/log-Parser

Web server log parser

Primary LanguagePHP

log-parser application

Parsing webserver log files using PHP/Symfony with MySQL. Here's a brief guide!

Usage

main routes are

/parse : parse log file and persist in Mysql DB /load: load log data directly to MySql DB

Requirements

Two main approaches

Basic approach consists of parsing and persisting the log file

use of PHP's preg_match_all to match a regular expression

Database Oriented approach

Using a trasaction to load the log file directly to the database using MySql's LOAD DATA INFILE data manipulation statement.

Log Format

The log format used is based on the Apache Common Log Format

The test files has been sourced from Here!

Example

127.0.0.1 user-identifier amine [10/Oct/2014:13:55:36 -0700] "GET /apache_pb.gif HTTP/1.0" 200 2326

The presence of a "-" in a field indicates missing data.

  • 127.0.0.1 is the IP address of the client (remote host) which made the request to the server.
  • user-identifier is the RFC 1413 identity of the client.
  • amine is the userid of the person requesting the document.
  • [10/Oct/2014:13:55:36 -0700] is the date, time, and time zone when the server finished processing the request, by default in strftime format %d/%b/%Y:%H:%M:%S %z.
  • "GET /apache_pb.gif HTTP/1.0" is the request line from the client.

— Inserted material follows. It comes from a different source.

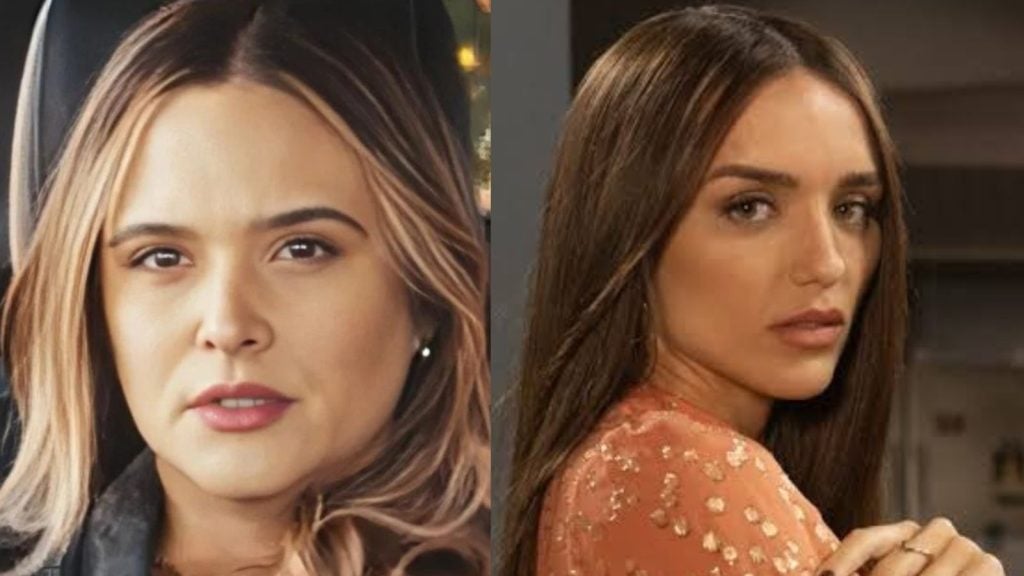 Electra (Juliana Paiva) espancará Jéssica (Rafa Kalimann) em "Família É Tudo" - Reprodução/Globo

The method GET, /apache_pb.gif the resource requested, and HTTP/1.0 the HTTP protocol.
  • 200 is the HTTP status code returned to the client. 2xx is a successful response, 3xx a redirection, 4xx a client error, and 5xx a server error.
  • 2326 is the size of the object returned to the client, measured in bytes.

Enhacements and TODO

  • better manage parsing using services and dependeny injection (skinny models and controller)
  • perform data analysis on myqsl database
  • conversion to CSV format for a more adequate use in statistical anlysis (PERL, Py, and R)
  • enhance the speed of MySql's LOAD DATA through ignoring foreign keys and uniqueness constrains
  • enforce file splitting rules for large log files
  • other aspects to be discussed!